2022.05.09
Virtual Asset Taxation Policy Has Become More Likely to be Postponed. (Updated 2022.05.)
Virtual Asset Taxation Policy Has Become More Likely to be Postponed. (Updated 2022.05.)
[Executive Summary]
◼ With the upcoming launch of Yoon Suk-yeol government, taxation on virtual asset, which was scheduled to be enforced on January 1st, 2023 has become more likely to be postponed again. On May 2nd, Deputy Prime Minister and Minister of Economy and Finance-nominee Choo Kyung-ho announced that if Financial Investment Income Tax is given a two-year grace period, taxation on virtual asset which was scheduled to be enforced next year could also be granted a two-year grace period.

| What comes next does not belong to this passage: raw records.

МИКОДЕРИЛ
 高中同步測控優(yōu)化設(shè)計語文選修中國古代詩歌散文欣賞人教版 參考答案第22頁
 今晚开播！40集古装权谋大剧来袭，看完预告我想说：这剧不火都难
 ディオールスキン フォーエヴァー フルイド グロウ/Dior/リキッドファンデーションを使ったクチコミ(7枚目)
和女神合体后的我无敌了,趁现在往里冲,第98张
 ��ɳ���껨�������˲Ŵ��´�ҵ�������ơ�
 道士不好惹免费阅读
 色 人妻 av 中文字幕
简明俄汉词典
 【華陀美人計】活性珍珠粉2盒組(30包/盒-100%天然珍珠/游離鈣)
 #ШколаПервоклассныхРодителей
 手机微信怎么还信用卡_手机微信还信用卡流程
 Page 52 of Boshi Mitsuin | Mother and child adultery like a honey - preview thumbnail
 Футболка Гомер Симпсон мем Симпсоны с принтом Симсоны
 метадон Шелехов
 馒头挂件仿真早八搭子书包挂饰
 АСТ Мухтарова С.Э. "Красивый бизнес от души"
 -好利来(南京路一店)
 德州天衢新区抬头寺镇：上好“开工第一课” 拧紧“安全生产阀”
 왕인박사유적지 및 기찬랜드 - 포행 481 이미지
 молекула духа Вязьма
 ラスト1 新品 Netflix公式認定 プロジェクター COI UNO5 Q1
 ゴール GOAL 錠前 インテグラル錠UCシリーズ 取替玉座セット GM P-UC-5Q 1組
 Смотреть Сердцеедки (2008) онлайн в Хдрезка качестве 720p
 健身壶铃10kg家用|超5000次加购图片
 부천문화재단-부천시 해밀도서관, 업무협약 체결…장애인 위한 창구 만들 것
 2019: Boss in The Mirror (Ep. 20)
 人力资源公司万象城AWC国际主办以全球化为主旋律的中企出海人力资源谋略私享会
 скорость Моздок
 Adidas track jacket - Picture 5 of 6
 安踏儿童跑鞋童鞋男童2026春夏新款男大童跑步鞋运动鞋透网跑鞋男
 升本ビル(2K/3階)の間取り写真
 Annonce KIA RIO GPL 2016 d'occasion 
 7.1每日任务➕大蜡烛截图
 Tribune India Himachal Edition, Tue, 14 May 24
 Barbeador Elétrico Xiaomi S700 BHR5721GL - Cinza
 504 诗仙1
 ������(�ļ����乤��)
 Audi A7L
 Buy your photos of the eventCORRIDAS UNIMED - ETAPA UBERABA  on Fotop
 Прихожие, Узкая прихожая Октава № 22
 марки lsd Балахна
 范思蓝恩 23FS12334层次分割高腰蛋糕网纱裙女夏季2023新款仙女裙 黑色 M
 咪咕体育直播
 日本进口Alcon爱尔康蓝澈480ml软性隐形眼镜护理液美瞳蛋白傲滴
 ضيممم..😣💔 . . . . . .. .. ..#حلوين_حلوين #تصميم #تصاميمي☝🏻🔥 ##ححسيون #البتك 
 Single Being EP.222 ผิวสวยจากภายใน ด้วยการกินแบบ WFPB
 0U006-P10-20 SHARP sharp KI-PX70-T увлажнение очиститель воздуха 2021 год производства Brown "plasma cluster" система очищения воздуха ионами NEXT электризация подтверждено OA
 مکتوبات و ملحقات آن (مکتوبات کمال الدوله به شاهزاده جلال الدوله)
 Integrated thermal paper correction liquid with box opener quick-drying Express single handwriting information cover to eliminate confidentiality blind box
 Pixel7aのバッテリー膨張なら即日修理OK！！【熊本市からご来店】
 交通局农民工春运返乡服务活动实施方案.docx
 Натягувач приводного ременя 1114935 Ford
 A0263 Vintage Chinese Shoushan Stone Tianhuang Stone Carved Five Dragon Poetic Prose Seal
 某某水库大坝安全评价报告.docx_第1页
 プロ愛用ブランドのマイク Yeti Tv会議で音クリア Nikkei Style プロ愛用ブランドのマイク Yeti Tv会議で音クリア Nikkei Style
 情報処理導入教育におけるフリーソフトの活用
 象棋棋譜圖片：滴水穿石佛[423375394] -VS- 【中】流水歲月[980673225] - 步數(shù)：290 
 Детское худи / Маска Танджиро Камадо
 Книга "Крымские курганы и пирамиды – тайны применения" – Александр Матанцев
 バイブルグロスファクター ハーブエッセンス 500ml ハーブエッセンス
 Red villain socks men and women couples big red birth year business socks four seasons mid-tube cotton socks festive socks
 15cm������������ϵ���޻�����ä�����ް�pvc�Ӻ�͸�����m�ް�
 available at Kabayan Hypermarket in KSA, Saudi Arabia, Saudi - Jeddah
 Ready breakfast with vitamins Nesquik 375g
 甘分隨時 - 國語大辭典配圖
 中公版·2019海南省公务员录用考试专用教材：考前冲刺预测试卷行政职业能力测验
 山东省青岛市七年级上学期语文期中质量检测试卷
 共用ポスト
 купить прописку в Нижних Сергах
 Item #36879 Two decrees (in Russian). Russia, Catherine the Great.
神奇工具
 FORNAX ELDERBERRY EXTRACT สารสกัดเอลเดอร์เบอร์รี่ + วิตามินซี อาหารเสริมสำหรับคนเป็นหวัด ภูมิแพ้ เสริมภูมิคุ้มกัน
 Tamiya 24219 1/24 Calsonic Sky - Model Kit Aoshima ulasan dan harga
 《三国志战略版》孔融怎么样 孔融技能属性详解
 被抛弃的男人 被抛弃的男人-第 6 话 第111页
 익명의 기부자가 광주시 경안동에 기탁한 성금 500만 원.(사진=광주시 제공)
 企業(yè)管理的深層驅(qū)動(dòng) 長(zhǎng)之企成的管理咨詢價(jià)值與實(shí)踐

In his presidential election campaign, President-elect Yoon Suk-yeol had put forward ‘Renovation first, Taxation afterwards’ policy as one of his virtual asset-related pledges. This policy reflects the opinion that taxation should not be imposed on investors when policies and regulations on virtual assets are not yet established and secured. According to the already-existing Income Tax Act, taxation on virtual asset starts on January 1st, 2023. If Income Tax Act goes into effect as scheduled, investors who had invested in virtual asset and acquired capital gain worth more than 2.5 million KRW (basic deductible) will be imposed a 20% tax rate. Income from virtual asset transfer and rental (including withdrawal) of non-residents or foreign corporates will be taxed under Korea Source Other Income. However, the opinion of Choo Kyung-ho, Deputy Prime Minister and Minister of Economy and Finance-nominee of Yoon Suk-yeol government, shows the possibility of additional deferment of taxation on virtual asset income mentioned above. At a confirmation hearing held on May 2nd, People’s Power party member Ryu Seung-geol raised a question on the timing of imposing taxes on virtual asset. Nominee Choo mentioned, “if Financial Investment Income Tax is given a two-year grace period, taxation on virtual asset will also be postponed for two years under the same framework.” He also commented, “regarding virtual assets, legislations on digital assets are being established to prepare investment protection systems and to secure the safety and transparency of virtual asset transactions.” “Our basic policy is that we will levy tax on virtual assets if such legislations are fully equipped and the market matures,” he added.
However, please keep in mind that this change will only be applied to the transfer income tax for the individual.